La più grande costruzione istituzionale, politica, sociale ed economica degli ultimi cinquemila anni dell’essere umano sul pianeta Terra. L’Unione europea un progetto, un ideale, un sogno, una speranza, una costruzione, una sfida, tutto questo e altro insieme. Ma soprattutto un caso unico nella storia umana, la sola volta in cui degli Stati sovrani decidono, liberamente, di con-cedere sovranità a una istituzione sovranazionale. A condividere materie di governo per secoli appannaggio nazionale.

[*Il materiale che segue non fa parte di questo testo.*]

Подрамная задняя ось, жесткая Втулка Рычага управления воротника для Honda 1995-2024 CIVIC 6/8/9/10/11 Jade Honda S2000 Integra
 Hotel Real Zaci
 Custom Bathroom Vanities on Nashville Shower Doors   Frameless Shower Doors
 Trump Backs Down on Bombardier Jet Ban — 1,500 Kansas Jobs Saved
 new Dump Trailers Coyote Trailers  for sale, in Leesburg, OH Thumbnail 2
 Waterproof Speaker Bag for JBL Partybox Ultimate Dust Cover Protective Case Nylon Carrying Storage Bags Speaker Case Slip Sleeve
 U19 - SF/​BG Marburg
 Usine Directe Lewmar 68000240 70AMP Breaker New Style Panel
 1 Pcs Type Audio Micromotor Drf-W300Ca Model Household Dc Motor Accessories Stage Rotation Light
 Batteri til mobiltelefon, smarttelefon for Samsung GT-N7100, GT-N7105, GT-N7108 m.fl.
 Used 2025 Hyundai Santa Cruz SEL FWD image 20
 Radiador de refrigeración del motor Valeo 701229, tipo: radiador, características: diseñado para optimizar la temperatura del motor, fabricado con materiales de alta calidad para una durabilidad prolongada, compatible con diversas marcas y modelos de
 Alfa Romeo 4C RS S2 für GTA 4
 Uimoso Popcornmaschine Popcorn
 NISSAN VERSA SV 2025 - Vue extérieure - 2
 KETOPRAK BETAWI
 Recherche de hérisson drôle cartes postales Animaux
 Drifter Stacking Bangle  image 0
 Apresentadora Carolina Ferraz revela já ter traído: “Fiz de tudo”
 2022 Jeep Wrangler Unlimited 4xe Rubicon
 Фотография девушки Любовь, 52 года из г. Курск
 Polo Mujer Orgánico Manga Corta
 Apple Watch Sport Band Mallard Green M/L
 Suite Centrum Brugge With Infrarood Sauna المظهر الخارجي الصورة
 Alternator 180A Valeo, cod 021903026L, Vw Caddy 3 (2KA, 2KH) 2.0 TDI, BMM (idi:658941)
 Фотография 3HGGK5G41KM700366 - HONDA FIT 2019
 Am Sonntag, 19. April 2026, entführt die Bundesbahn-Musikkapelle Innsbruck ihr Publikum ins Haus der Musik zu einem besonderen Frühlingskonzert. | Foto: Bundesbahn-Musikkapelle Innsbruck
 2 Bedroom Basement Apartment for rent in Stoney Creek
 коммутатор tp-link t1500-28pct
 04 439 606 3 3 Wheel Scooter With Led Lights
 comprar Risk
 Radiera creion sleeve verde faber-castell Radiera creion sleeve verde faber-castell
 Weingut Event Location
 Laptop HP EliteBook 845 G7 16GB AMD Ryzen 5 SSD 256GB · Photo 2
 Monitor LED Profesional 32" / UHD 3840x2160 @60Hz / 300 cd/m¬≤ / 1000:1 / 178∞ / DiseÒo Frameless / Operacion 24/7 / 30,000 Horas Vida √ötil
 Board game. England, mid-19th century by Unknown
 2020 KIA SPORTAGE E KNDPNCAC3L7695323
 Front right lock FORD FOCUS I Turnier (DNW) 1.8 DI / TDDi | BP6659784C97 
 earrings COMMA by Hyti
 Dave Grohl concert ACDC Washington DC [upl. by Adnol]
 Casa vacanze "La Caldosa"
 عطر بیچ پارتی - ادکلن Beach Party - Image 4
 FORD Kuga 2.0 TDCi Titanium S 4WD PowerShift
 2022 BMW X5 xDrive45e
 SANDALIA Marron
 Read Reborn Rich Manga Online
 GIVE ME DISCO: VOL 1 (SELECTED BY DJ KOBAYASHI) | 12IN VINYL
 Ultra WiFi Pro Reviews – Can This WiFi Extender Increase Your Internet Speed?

La moneta, la spada, la bilancia. Paesi che rendono reale l’imponderabile, la compartizione di ambiti ontologicamente connessi alla essenza stessa dello Stato/nazione. Il controllo dei confini, la giurisdizione su di essi, “batter moneta”, ossia controllare una banca centrale nazionale e una propria divisa, una valuta simbolo della ricchezza di ciascuna capitale. E, infine, la forza, l’esercito, e l’uso stesso delle armi.

Passaggi che hanno registrato un andamento differenziato per paese e soprattutto per materia. L’accelerazione sul versante economico (e in parte finanziario) è stata decisamente meno rapida in ambito militare, e non completa in termini di legislazione.

Il punto centrale rimane l’Unione. Per la prima volta governi, parlamenti, in rappresentanza di stati e popolazioni hanno messo insieme le loro forze. Senza pressioni, senza imposizioni militari.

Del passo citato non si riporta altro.